I admit, I trashed Judd Winick’s writing on Catwoman #1 and #2, and I stand by those assessments. It’s hard to believe the same person responsible for those two clunky, awkward issues is also writing this book, which has a real sophistication to it. He’s really bringing his A Game to ‘Batwing.’ I’m getting used to the constant use of flashbacks. It’s not how I’d do it, but since he does it consistently in every issue, I’m growing accustomed to it. Like with a lot of other series I’m reading, many of which I also review, I’m getting a little impatient and want some revelations. This issue hints at some dark past for The Kingdom, but I’m dying to find out exactly what happened to them. The story really is intriguing, I just want it to pick up the pace and get on with it.
One other minor quibble I have is that David Zavimbe hasn’t been developed much, other than being honest and seeking justice. He’s still a bit of a cypher, so I’m looking forward to more character development.
The art continues to shine! It’s so lush and beautiful to behold. It’s rich and painterly. The muted color palette fits the African setting. The facial expressions really stood out for me, in this issue. Just fantastic, like looking at photographs! Thunderfall’s lightning powers (right) are particularly cool looking!

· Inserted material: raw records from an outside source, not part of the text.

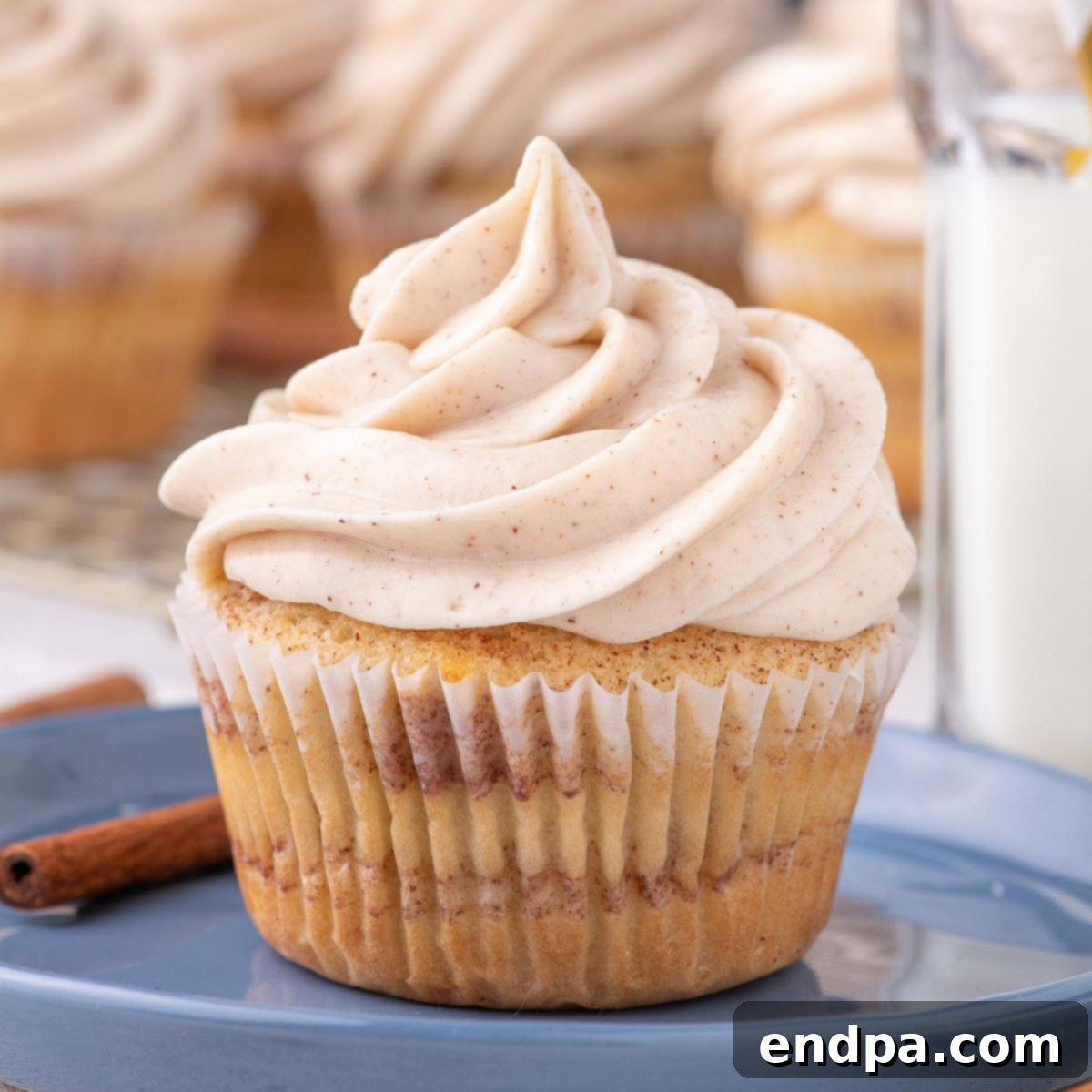 Heavenly Snickerdoodle Cupcakes 1 featured 55802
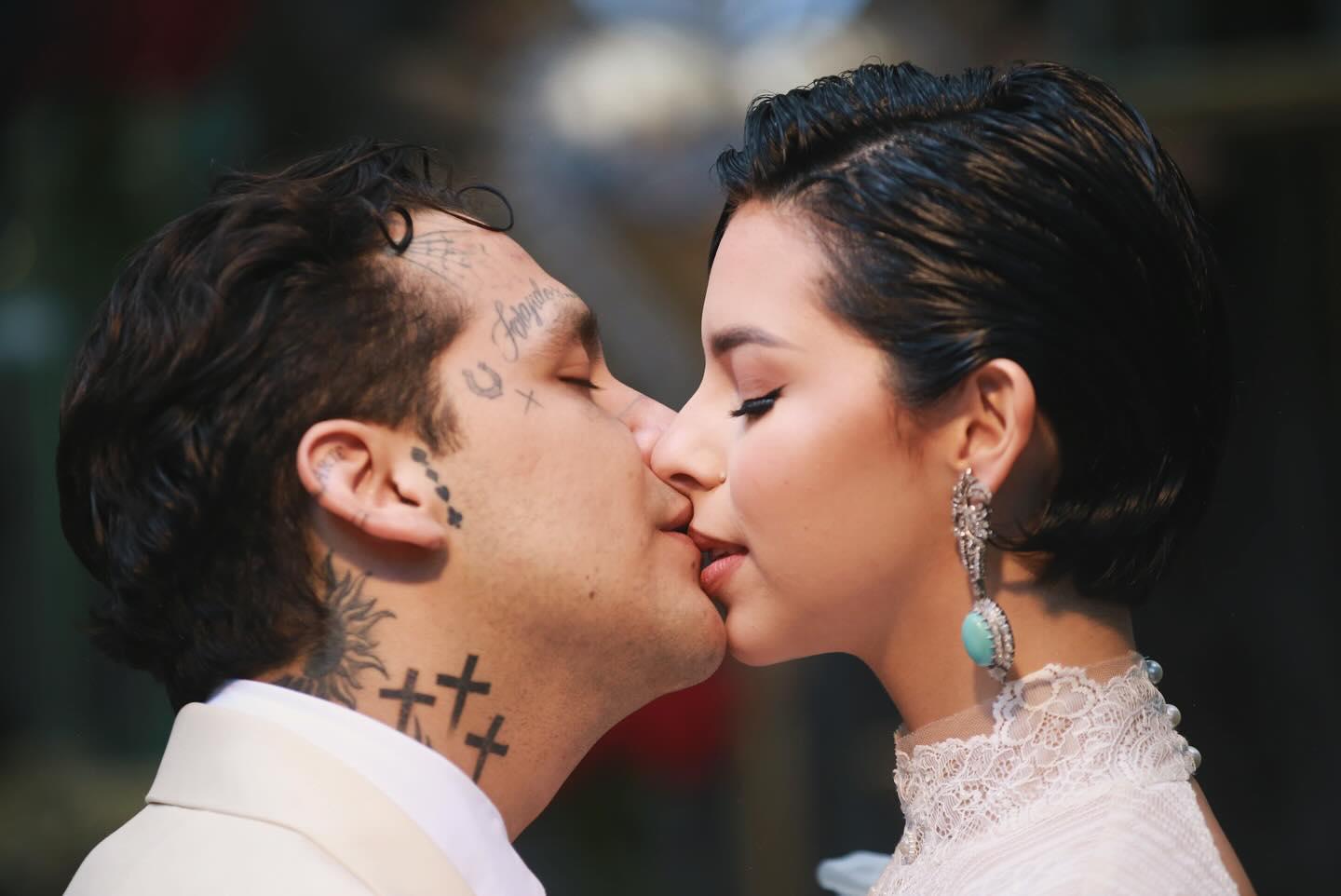 $!Christian Nodal y Ángela Aguilar compartieron en sus redes sus primeras fotos de casados.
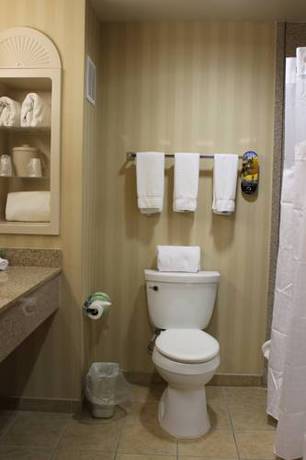 Imagen de la habitación del Hotel Holiday Inn Express and Suites Tehachapi, An Ihg. Foto 6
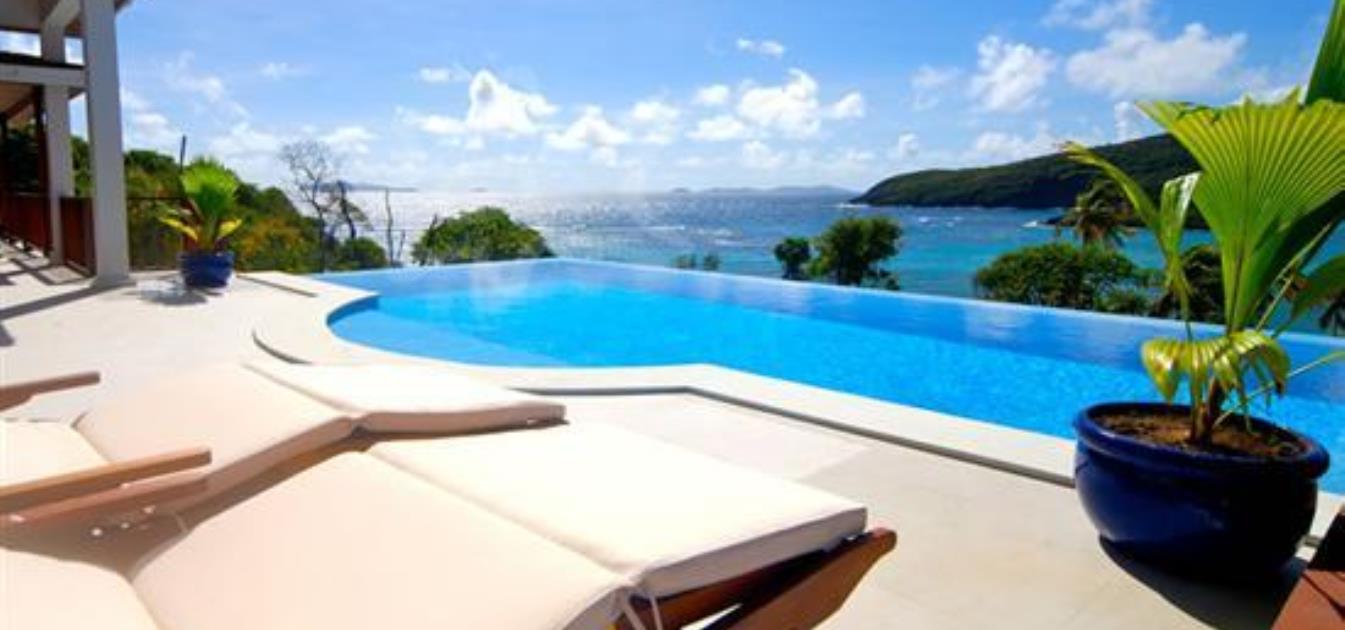 vacation-rentals/st-vincent-and-the-grenadines/bequia/crescent-bay/beachfront-plantation-house-ijeoma-panorama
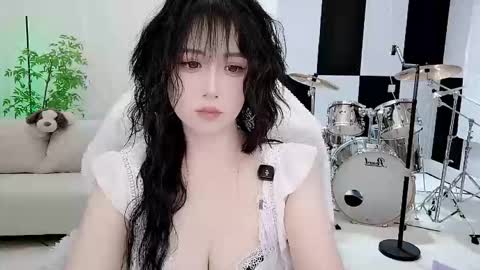 zhen online show from 10/16/25, 08:54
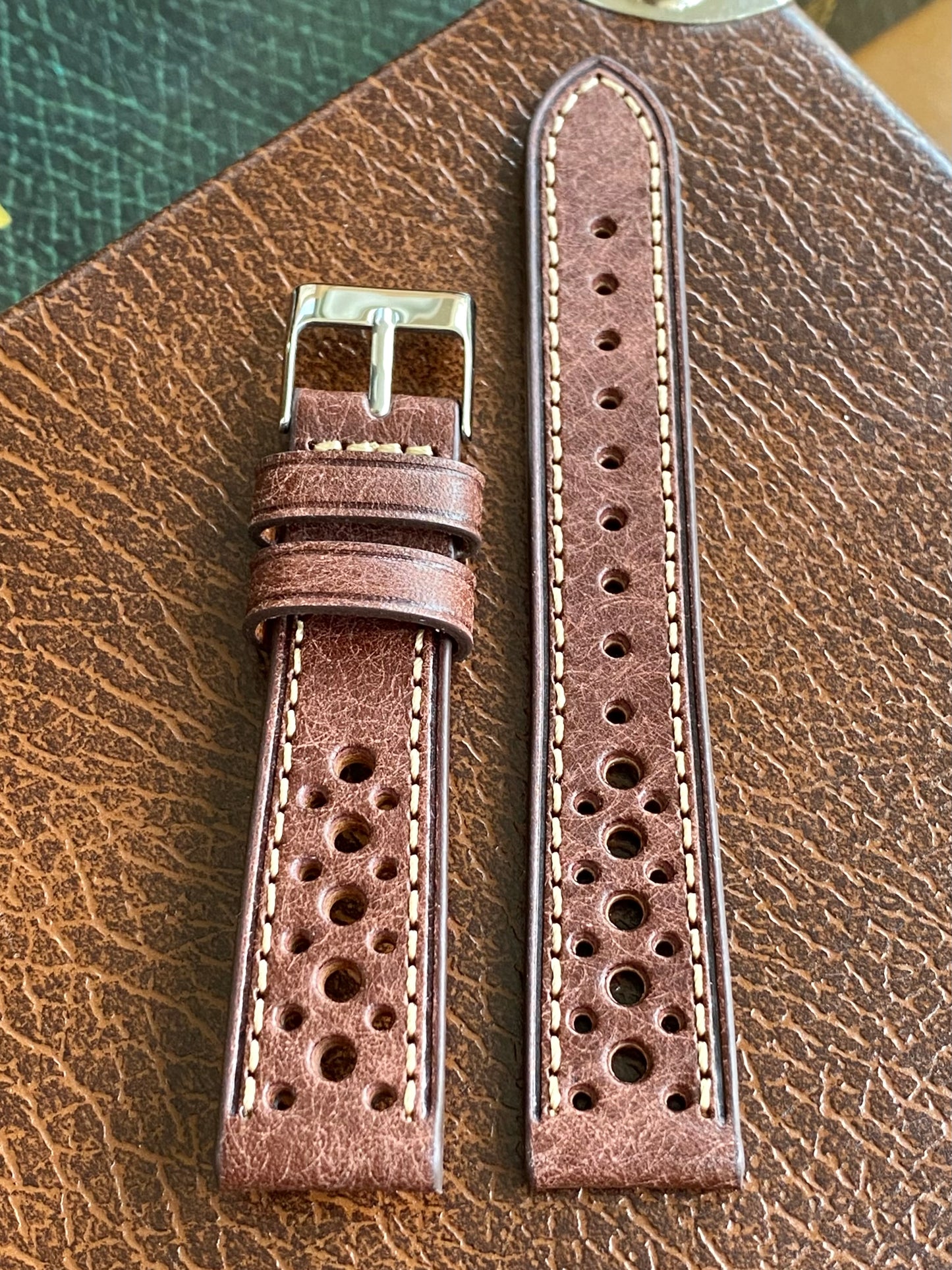 Bracelet de Montre Vintage - BORDEAUX Rallye Sport 18mm - Cuir Véritable Ajouré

There’s been a lot of charges against DC for the rampant brutal violence in it’s new comics, particularly the number of dismemberments, with ‘Batwing’ typically being singled out. I can’t argue with that. In the first issue, Massacre dismembered over twenty people! Stack that on top of similar occurrences in ‘Wonder Woman’ and other titles, yes, it can be overwhelming. But honestly, these books need to be judged on their own merits, not in the context of whatever other comics you’re reading. I will argue that, while quite graphic, the violence in this book works in the same way it does on an HBO or Showtime drama series, like ‘The Sopranos’ or ‘Dexter.’ As with ‘Catwoman,’ maybe that means the rating on this book needs to be changed from ‘Teen’ to ‘Mature.’ But I feel that the violence works in this book, because it serves the story and isn’t gratuitous. But maybe that’s my opinion.